A quarterback at USC, Wood turned into a feared member of the Lombardi defenses. In Jerry Kramer’s “Instant Replay” book, the Hall of Fame lineman wrote: “Next to Lombardi, Wood scares his own teammates more than anybody else does. Wood even scares Ray Nitschke. ‘I hate to miss a tackle,’ Ray says, ‘‘cause if I do, I know I’m gonna get a dirty look from Willie. He’ll kill you with that look.’”

The 83-year-old Wood played for the Packers from 1960 through 1971.

“The Green Bay Packers Family lost a legend today with the passing of Willie Wood,” said Packers President/CEO Mark Murphy. “Willie’s success story, rising from an undrafted rookie free agent to the Pro Football Hall of Fame, is an inspiration to generations of football fans.

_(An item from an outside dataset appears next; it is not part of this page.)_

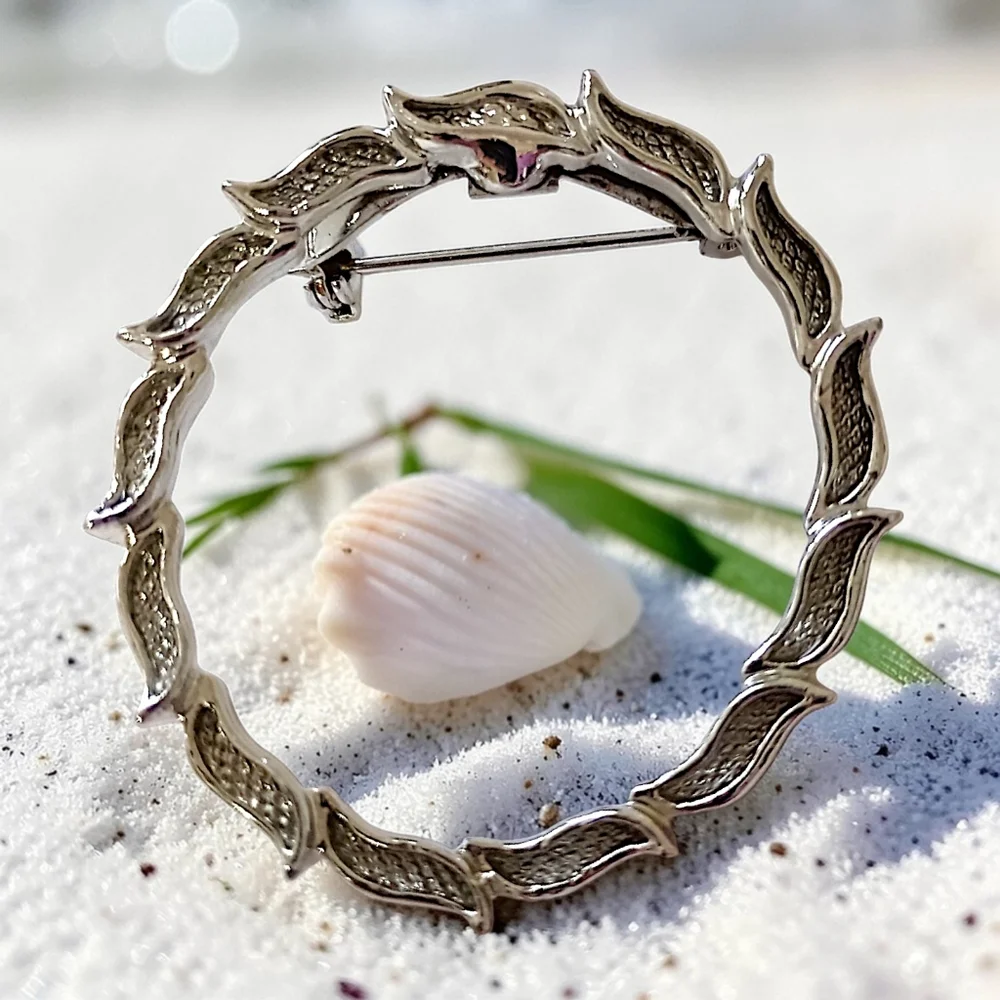 Gerrys Leaf Wreath Brooch Pin Round Circle Leaves‎ Vintage 70s Silver Tone MCM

While his health challenges kept him from returning to Lambeau Field in recent years, his alumni weekend visits were cherished by both Willie and our fans. We extend our deepest condolences to Willie’s family and friends.”

Wood incredibly went undrafted out of USC in 1960. Famously, he sent postcards to several NFL teams asking for a tryout. The Packers signed him, and Wood ultimately earned five consecutive All-Pro honors from 1964 through 1968. An eight-time Pro Bowler, Wood was named to the NFL’s 1960s all-1960s team.

Wood was inducted into the Pro Football Hall of Fame in 1989 – he is one of only 16 undrafted players enshrined – and was one of two safeties chosen on the Super Bowl Silver Anniversary Team in 1990.

“Determination probably was my trademark,” Wood once said. “I was talented but so were a lot of people. I’d like people to tell you I was the toughest guy they ever played against.”

Wood led the NFL with nine interceptions in 1962 and in punt returns with a 16.1-yard average in 1961. With 52, only Bobby Dillon, who was selected for the Hall of Fame last month, has more interceptions in Packers history than Wood.